R.J. Rushdoony: 52:19 Sweep an accordant tones, thy tuneful harp and leaving vain laments, arouse thy soul to exaltation. Sing hosanna, sing and hallelujah for the Lord if great and full of mercy. Magnificent, I think. Then to glance at some other minor poets but very real poets. Charles Kingsley is better known for his books, especially Westward Ho, which when I was a boy was read in school and was a delight. This poem indicates that he was capable of genuine poetry. Oh, that we too were maying down the stream of the soft, spring breeze like children with violets playing, in the shade of the whispering trees. Oh, that we too sat dreaming on the sward of some sheep, trimmed down, watching the white mists steaming over river and mead and town. Oh, that we too lay sleeping in our nest in the churchyard sod, with our limbs at rest and the quiet earth’s breast and our souls at home with God.
R.J. Rushdoony: 53:49 That poem was in the spirit of Gray’s Elegy. There was a time when churchyard poetry was very popular in England but now another from an English poet, William Allingham. Memory of childhood, half waking, I thought it was the little bed in slept in long ago. A straight white curtain at the head and two smooth knobs below. I thought I saw the nursery fire and in a chair well known my mother sat and did not tire of reading all alone. If I should make the slightest sound to show that I am awake, she’d rise and laugh at the blankets around my pillows softly shake, kiss me and turn my face to see the shadows on the wall and then sing Russo’s Dream to me till fast asleep I fall. But this is not my little bed. That time is far away. Among strangers cold I’d live instead, from dreary day to day. There was much of beauty in some of the old nursery rhymes too. I like this one, which doesn’t say anything of meaning that I can grasp but yet it does. It suggests something.

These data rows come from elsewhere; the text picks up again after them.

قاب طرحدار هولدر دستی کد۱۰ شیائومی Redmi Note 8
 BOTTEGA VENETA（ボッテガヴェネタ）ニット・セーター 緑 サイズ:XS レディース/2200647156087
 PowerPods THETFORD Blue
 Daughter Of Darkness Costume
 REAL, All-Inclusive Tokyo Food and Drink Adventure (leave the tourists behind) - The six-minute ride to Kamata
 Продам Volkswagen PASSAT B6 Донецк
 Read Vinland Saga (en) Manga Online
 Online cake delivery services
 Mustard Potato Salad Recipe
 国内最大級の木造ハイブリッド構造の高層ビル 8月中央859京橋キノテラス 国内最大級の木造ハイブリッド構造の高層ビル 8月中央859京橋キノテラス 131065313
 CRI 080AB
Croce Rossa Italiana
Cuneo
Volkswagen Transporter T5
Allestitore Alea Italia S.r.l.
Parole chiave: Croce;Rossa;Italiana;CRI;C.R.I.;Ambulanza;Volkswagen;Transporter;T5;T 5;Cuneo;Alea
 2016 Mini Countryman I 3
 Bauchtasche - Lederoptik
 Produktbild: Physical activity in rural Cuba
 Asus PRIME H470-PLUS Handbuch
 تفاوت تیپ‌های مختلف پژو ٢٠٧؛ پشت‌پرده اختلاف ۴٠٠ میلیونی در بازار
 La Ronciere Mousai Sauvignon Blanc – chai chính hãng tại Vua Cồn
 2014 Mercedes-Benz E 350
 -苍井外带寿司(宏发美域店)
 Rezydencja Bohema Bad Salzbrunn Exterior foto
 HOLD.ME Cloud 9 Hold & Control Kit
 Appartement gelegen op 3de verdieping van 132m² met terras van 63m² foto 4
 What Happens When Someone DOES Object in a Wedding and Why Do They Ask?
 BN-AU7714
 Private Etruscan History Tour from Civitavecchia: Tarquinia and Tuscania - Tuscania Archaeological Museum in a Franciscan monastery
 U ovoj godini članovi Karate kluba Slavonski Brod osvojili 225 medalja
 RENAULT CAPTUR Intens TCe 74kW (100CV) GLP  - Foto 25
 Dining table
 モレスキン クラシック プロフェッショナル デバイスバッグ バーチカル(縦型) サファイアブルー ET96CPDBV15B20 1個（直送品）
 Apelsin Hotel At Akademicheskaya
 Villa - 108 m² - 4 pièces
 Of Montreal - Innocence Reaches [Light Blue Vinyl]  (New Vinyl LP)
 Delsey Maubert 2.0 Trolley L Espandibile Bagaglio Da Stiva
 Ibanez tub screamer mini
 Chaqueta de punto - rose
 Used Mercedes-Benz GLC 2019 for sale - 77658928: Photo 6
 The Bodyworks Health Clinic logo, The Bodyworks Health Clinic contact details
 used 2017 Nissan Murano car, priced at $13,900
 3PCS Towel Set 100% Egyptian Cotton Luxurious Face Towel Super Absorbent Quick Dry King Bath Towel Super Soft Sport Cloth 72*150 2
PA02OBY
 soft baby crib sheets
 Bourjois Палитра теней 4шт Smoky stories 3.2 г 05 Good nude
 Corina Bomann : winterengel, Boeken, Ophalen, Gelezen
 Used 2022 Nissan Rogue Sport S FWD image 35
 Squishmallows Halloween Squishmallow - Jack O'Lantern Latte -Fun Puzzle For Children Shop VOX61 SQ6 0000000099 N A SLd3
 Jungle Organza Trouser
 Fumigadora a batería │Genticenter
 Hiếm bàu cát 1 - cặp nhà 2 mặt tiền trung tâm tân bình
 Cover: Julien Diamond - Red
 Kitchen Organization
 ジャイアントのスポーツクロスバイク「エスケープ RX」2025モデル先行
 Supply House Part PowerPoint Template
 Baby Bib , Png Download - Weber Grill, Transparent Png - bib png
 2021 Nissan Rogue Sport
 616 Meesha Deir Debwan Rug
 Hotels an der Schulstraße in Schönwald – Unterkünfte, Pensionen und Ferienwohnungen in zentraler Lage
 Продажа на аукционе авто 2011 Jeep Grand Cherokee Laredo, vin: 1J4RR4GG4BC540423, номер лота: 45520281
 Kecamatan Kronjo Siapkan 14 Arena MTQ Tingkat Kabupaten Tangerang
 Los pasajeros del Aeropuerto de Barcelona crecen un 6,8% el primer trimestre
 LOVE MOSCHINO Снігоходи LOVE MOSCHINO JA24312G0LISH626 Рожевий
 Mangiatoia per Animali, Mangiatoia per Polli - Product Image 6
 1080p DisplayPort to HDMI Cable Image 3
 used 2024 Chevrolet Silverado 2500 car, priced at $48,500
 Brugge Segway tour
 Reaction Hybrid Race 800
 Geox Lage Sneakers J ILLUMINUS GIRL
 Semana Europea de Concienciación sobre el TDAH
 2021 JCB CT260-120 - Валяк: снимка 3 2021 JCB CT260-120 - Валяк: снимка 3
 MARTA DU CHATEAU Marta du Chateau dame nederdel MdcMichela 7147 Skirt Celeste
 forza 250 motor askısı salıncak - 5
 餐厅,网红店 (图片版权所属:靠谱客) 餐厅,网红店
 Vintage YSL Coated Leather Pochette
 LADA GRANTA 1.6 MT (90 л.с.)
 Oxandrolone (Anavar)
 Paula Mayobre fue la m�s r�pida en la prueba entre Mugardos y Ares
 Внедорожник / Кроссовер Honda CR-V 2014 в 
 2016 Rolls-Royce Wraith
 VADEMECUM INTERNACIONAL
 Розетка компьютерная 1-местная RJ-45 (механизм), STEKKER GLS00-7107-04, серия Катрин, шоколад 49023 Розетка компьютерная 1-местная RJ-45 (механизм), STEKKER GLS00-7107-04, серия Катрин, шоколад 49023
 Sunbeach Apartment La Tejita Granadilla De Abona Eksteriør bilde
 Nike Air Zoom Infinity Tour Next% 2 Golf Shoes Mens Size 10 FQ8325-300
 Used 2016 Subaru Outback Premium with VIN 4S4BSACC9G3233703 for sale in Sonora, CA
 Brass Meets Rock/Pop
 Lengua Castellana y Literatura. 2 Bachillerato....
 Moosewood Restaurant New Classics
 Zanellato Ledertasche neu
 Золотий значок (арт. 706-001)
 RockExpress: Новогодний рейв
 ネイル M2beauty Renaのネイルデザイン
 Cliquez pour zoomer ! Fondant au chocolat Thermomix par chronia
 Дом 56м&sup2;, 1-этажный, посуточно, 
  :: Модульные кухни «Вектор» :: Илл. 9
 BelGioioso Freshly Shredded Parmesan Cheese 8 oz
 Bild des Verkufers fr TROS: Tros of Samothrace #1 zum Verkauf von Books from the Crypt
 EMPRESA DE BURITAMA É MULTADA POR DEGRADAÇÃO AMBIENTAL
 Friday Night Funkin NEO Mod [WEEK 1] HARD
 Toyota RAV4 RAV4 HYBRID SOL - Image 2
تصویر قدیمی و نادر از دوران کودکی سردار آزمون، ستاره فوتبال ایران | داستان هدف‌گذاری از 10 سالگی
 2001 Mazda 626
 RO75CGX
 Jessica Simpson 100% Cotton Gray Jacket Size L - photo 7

R.J. Rushdoony: 55:34 How many miles to Babylon, three scores in ten? And I get there by candlelight, yes, and back again. Well, it’s been good to be with you again. I’ll look forward to our next visit, two weeks from now. It’s Spring and the air is good and lush and restful and perhaps you can hear out bantam roosters crowing in the background. It’s a sound I love. So, I hope the tape picked it up. It’s a good sound. It’s a good world. God rules and so we can rejoice. We can fight to victory because greater is he that is with us than he that is in the world. If God be for us, who can be against us? Thank you and God bless you.